The Gilded Age on HBO - scrapes off the gild to reveal plywood

Madison Square Park, photo by Sarah Sarai
I am most unhappy with the first episode of "The Gilded Age," a Julian Fellowes-written jam which is very silly and very white. My HBO subscription ends in a few hours, so this was my farewell and no problem there. 

This first-of-the-series episode is a fitting send off (to the demise of my subscription).  There were many complaints with HBO's The Wire - that it was a white writer's impression of a black city (Baltimore) and a black struggle (Baltimore). That is my perspective of "The Gilded Age" - that it is very very very white and remarkably uninventive in being so. Despite the one young black woman who is a struggling writer. Perhaps her struggle will be representative of the times but why bother representing those times? Why use the history of racism as an excuse to further racism? 

And why such a pallid portrayal of the nouveau riche? Hallelujah and thank you, lord, two great and interesting actresses brightened the screen. Christine Baranski as an old school white lady richie rich. And, briefly so far, Audra McDonald as the mother of Baranski's new secretary. (There is no situation or script on God's earth that could not be bettered by Baranski and/or McDonald.) 

The plot is pallid. Carrie Coon, an actress I dislike (her expressionless face creeps me out - has done so since Fargo [the t.v. show], is the striver in this series. A monied wife who has a house built on Fifth - across from Central Park - as her Cape Canaveral to launch herself into old New York society. Her architect is the great Stanford White but apparently his name means nothing to the first families of New York. New York has always had snobs spinning its social circles with a circus clown's panache. And, yes, snobs are delightful when they are Baranski aided by some of the mustachio twirling men in the series. 

In the final scene of Episode 1, the Carrie Coon character, an arriviste, insists she's going to make the snobs of New York admire her or come to her parties.
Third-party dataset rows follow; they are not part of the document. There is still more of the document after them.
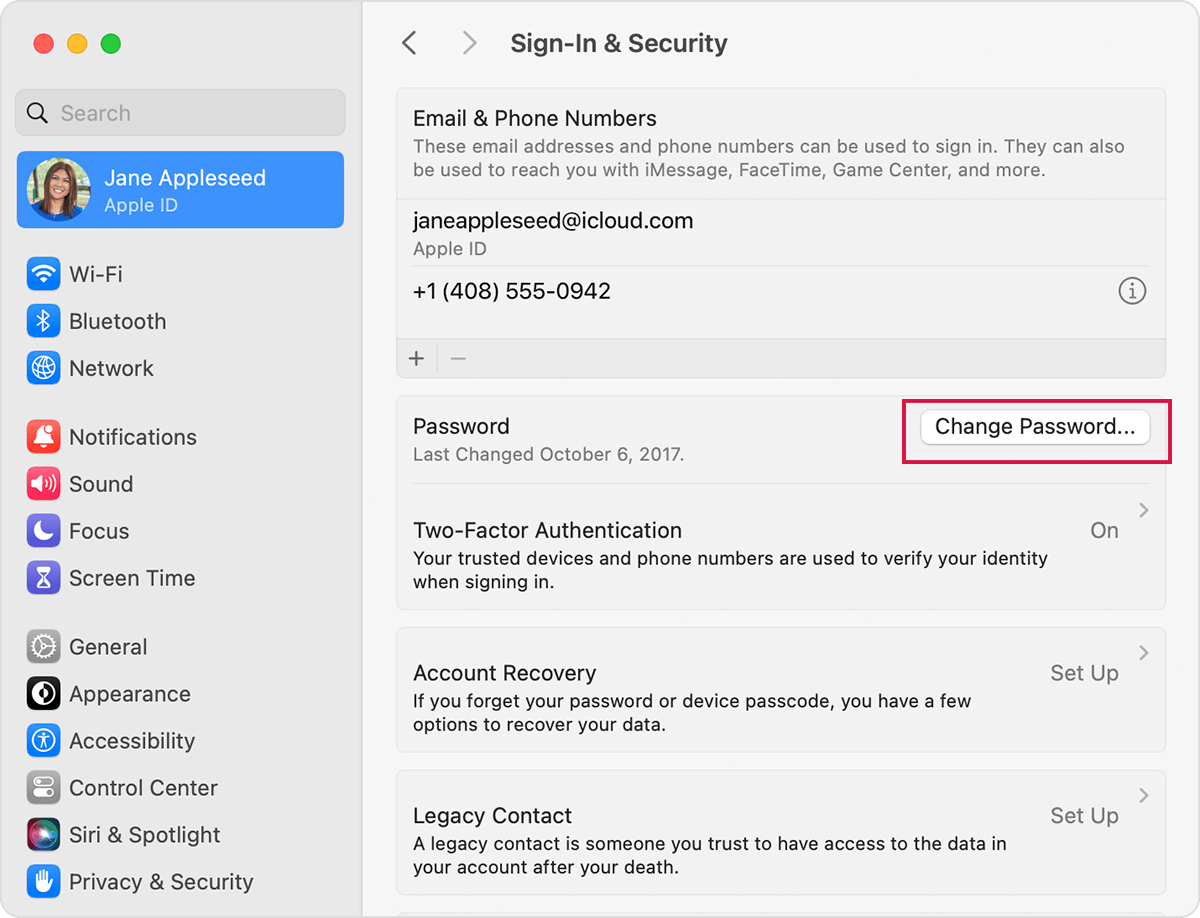 Change Apple ID Password on Mac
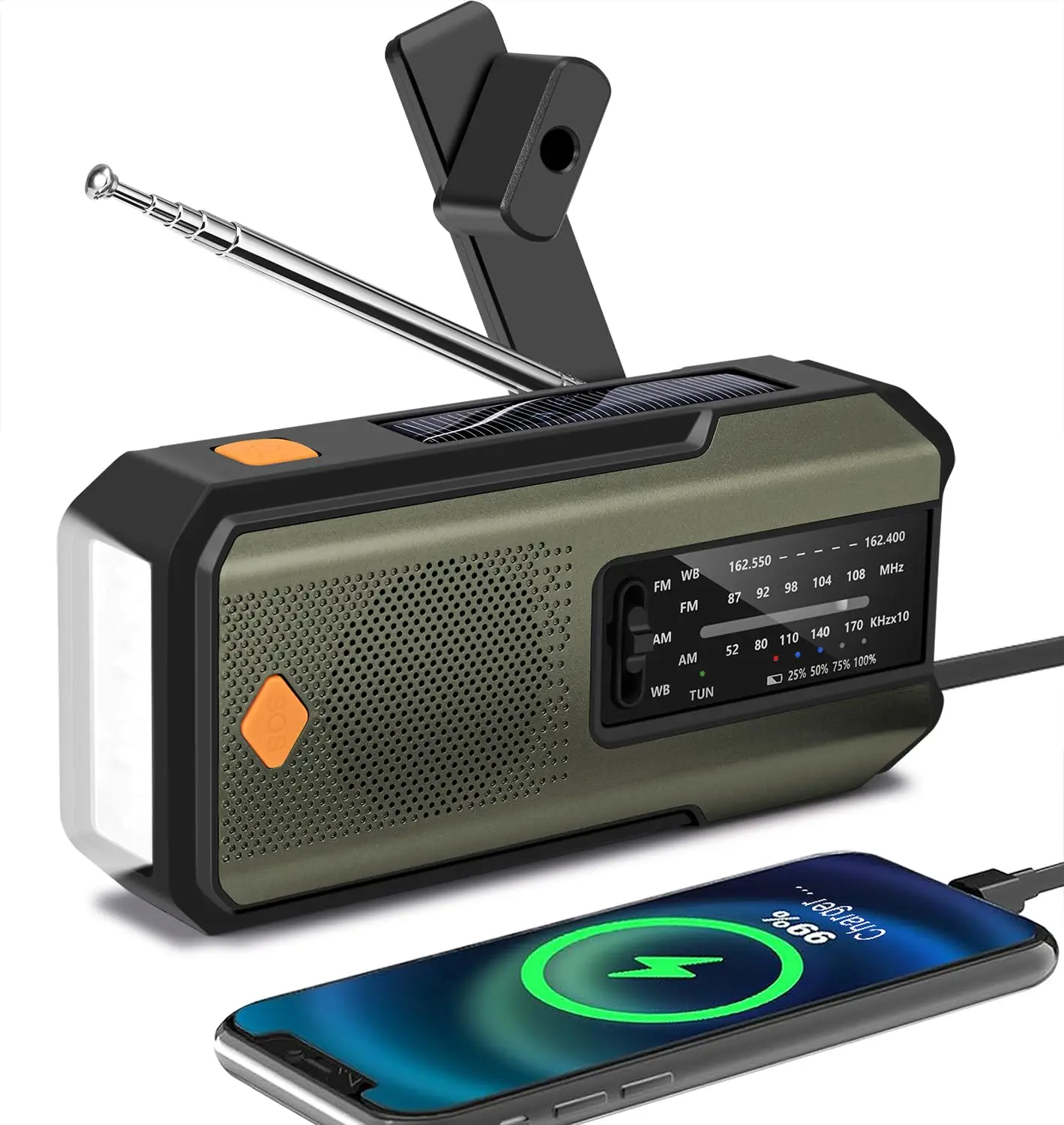Portable Mini Hand Crank Emergency Radio, SOS Flashlight, 2000mAh Solar FM AM Speaker Outdoor Survival Kit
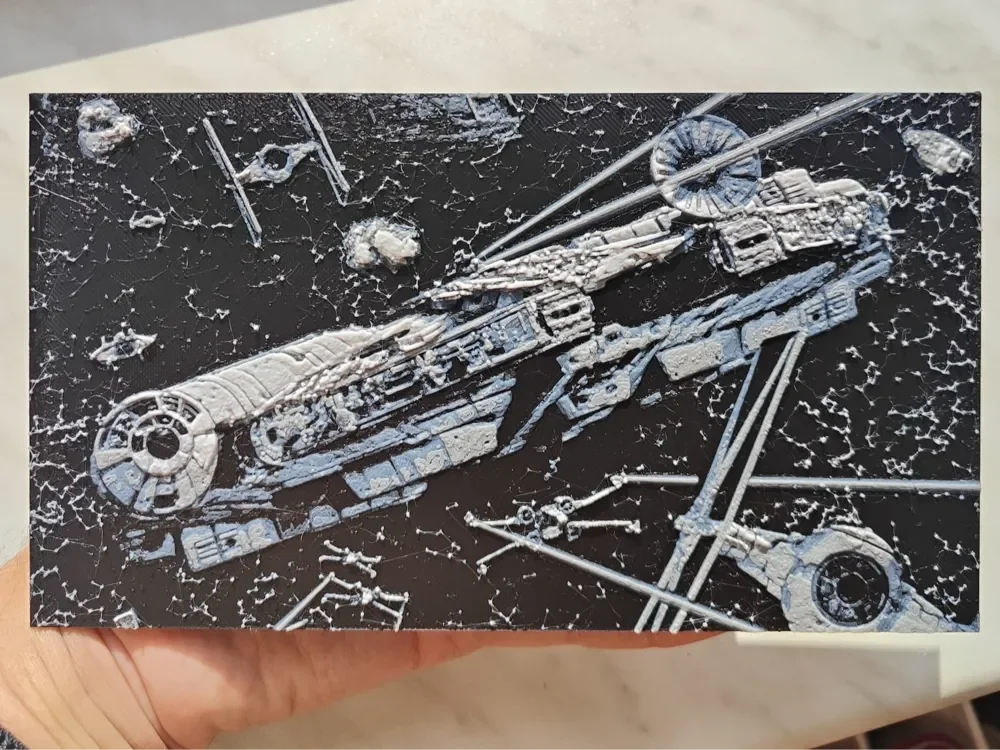 Millennium Falcon in battle - Hueforge by BeaN HueForge model: Millennium Falcon in battle - Hueforge by BeaN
THAT's the issue? Sounds like a Father Knows Best episode with Kitten scrunching her 10-year-old face to reveal gumption. It would work better if Reese Witherspoon were the pushy broad determined to get through Harvard Law. 

I live in NYC and it is mundo snob-o-licious. It is awful here, in fact, IF you harbor a desire to fit in. Which I stupidly did. Because there are no accommodations for weirdos like me (a simple country lass with no money and a quick tongue). I'll talk about that sometime when my thinking portions are up to par.